# ABOUT THIS TASK:
Once you find the line below that has "Набір апарат та", output it and every line after it exactly, stopping after the line that has "1886 MS63 PCGS", with no pictures.

────────────────────────────────────────

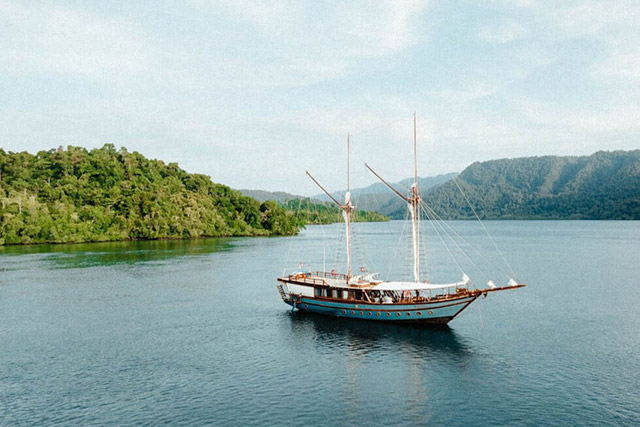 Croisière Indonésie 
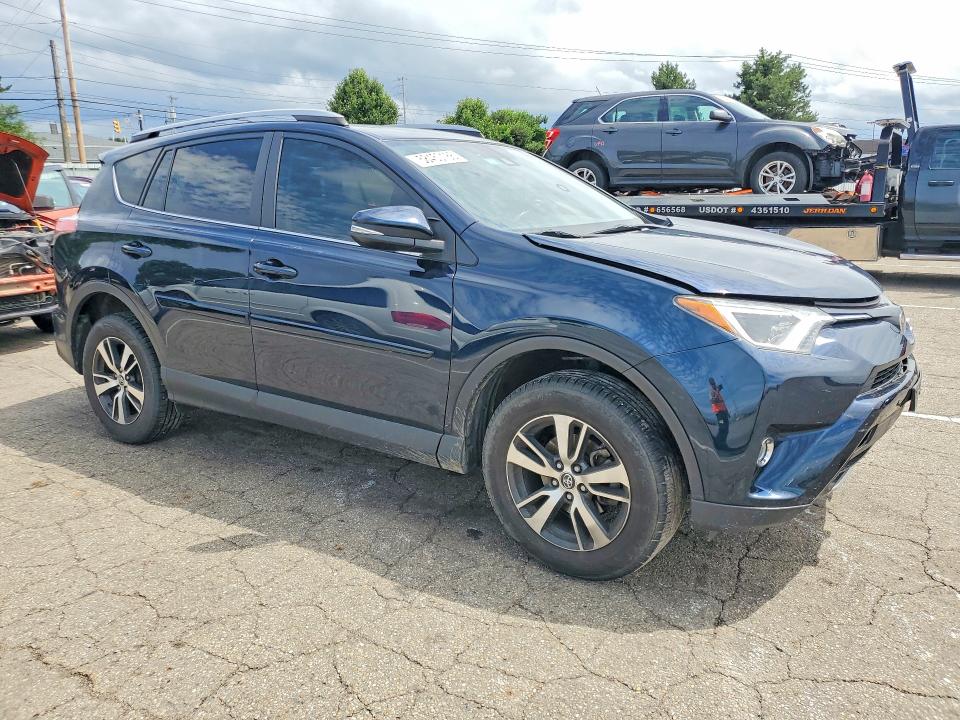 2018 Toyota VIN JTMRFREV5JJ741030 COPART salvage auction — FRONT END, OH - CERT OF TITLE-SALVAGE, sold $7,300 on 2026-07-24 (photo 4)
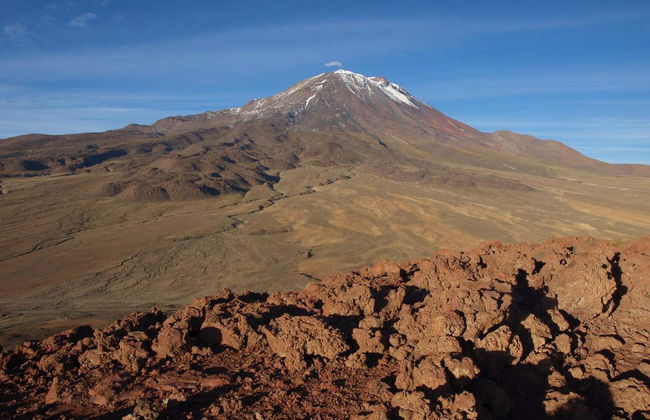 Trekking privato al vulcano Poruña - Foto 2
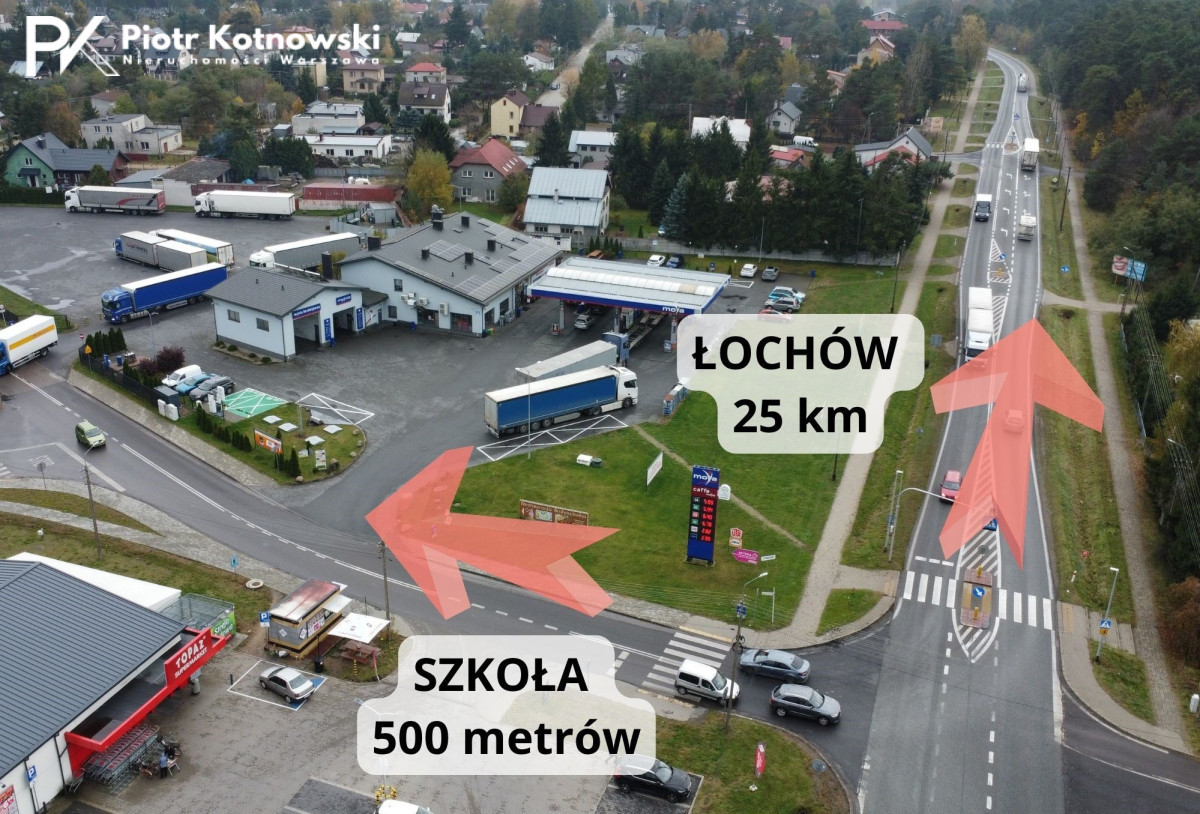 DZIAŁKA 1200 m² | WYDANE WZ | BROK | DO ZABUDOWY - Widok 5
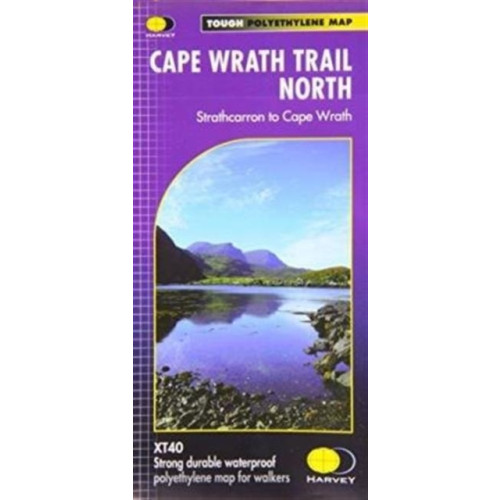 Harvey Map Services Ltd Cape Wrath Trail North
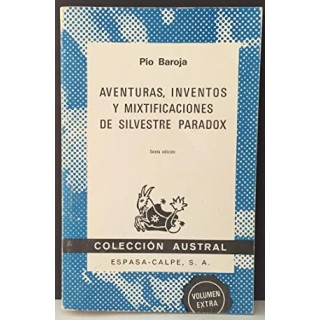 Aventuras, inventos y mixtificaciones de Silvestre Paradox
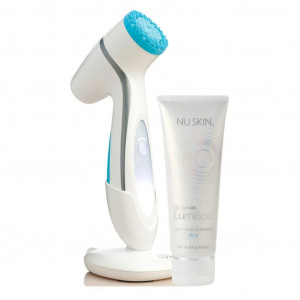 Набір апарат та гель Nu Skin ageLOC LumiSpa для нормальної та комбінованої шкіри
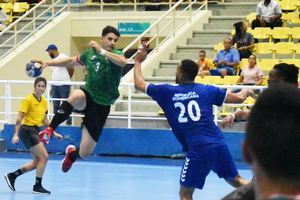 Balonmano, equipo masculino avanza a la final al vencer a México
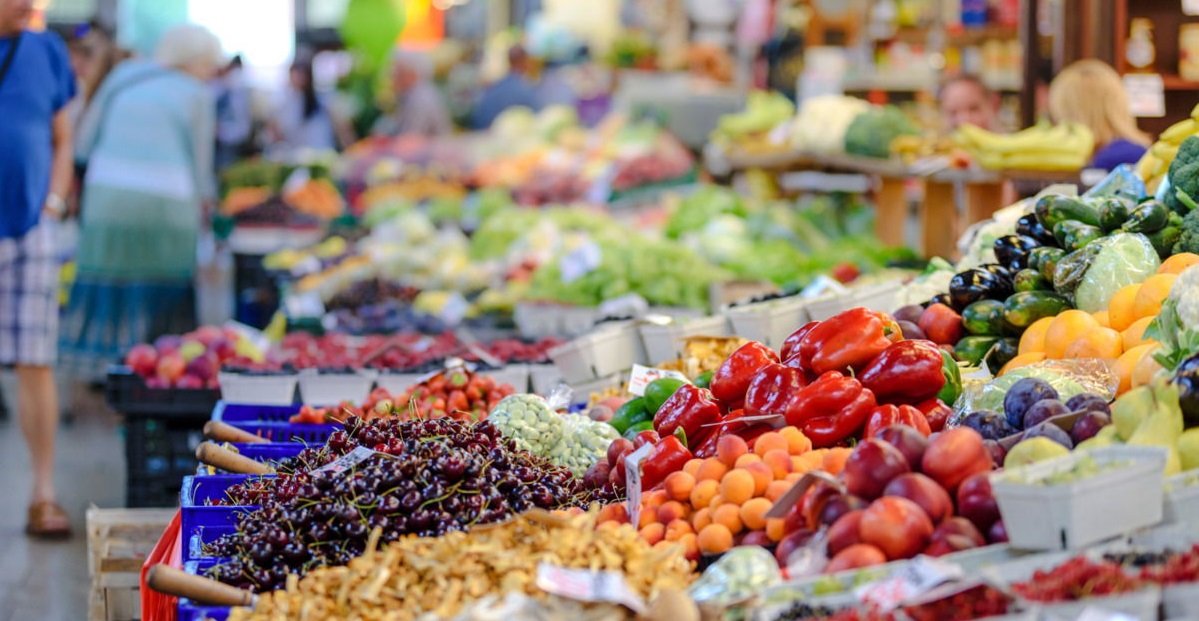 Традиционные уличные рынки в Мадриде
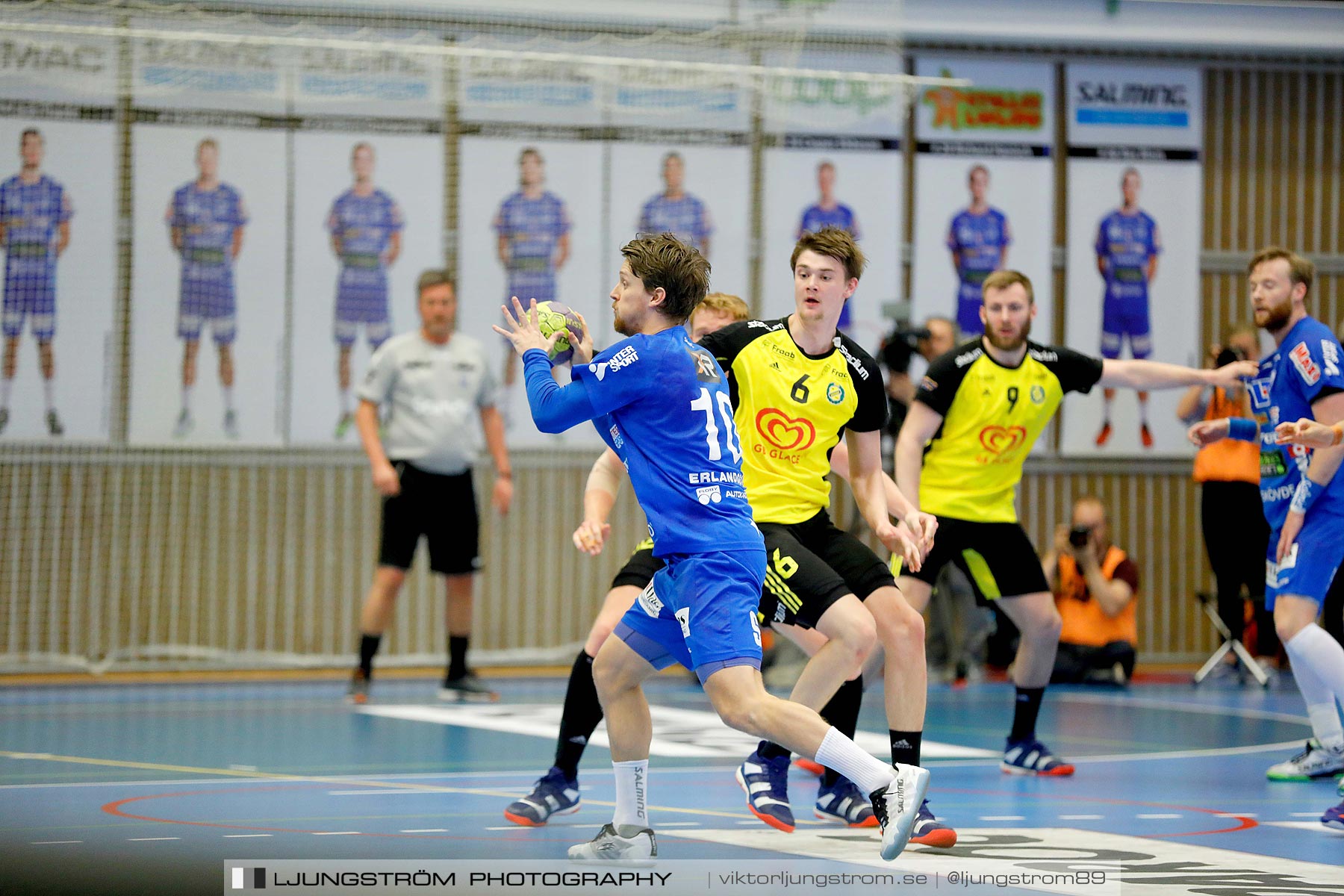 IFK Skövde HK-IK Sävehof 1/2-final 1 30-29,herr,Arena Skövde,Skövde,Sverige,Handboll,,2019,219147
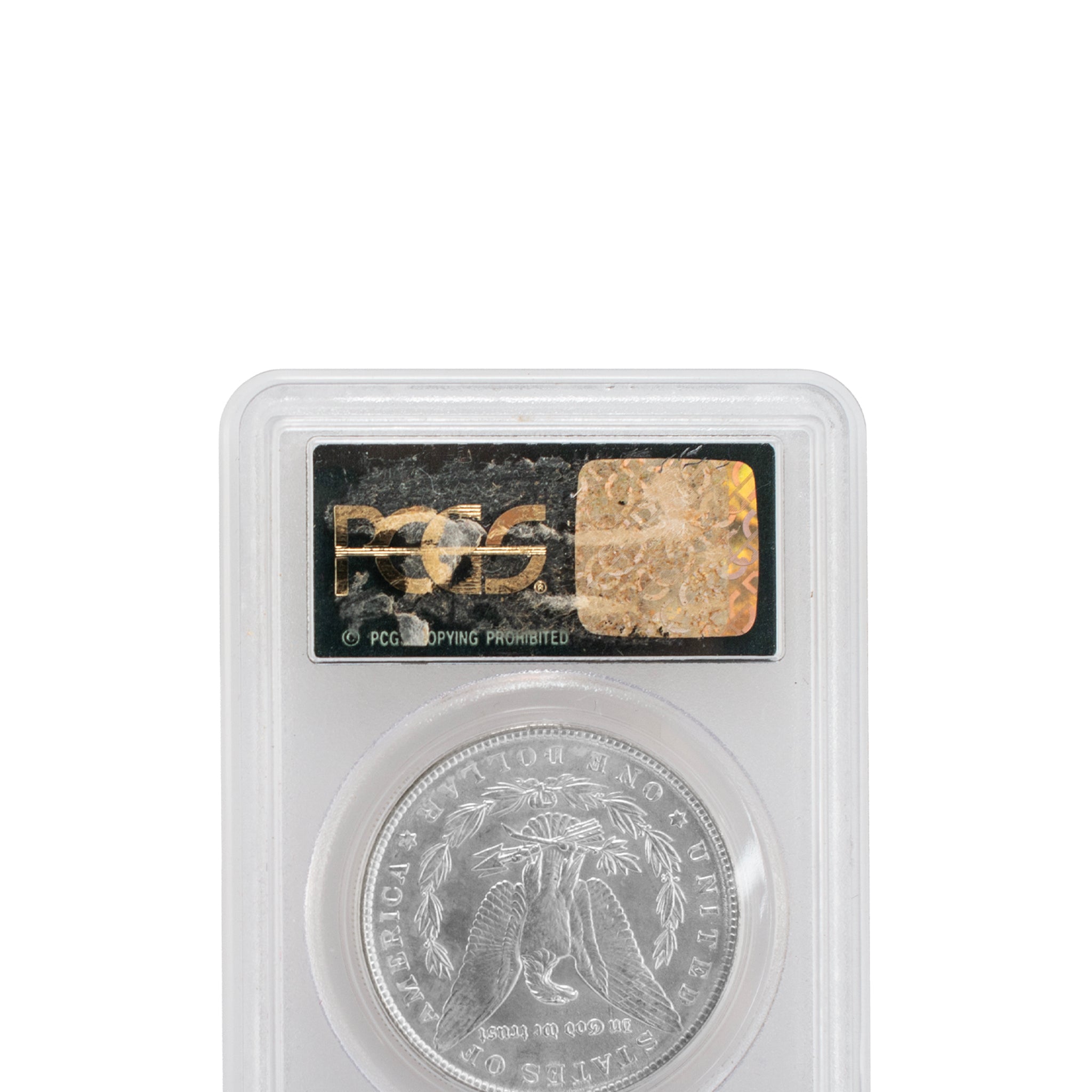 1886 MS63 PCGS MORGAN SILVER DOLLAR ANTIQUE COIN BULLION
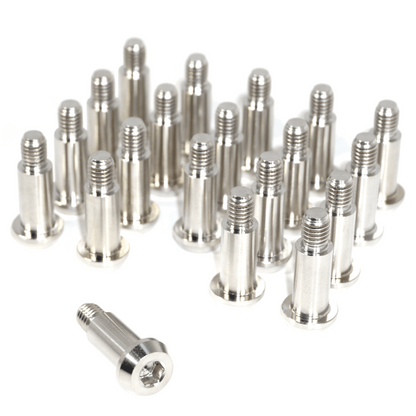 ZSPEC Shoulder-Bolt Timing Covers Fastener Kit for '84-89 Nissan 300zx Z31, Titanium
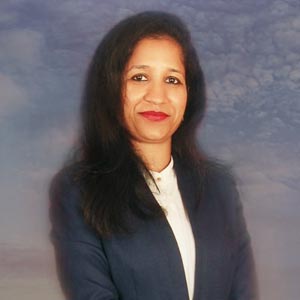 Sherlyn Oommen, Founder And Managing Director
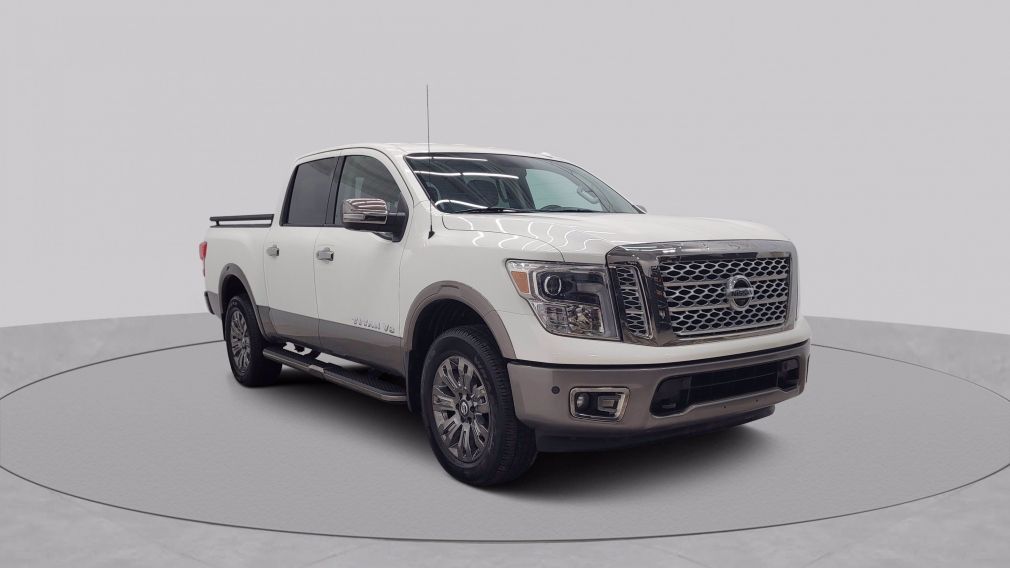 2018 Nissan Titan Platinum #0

────────────────────────────────────────

# SOLUTION TO THIS TASK:
 Набір апарат та гель Nu Skin ageLOC LumiSpa для нормальної та комбінованої шкіри
 Balonmano, equipo masculino avanza a la final al vencer a México
 Традиционные уличные рынки в Мадриде
 IFK Skövde HK-IK Sävehof 1/2-final 1 30-29,herr,Arena Skövde,Skövde,Sverige,Handboll,,2019,219147
 1886 MS63 PCGS MORGAN SILVER DOLLAR ANTIQUE COIN BULLION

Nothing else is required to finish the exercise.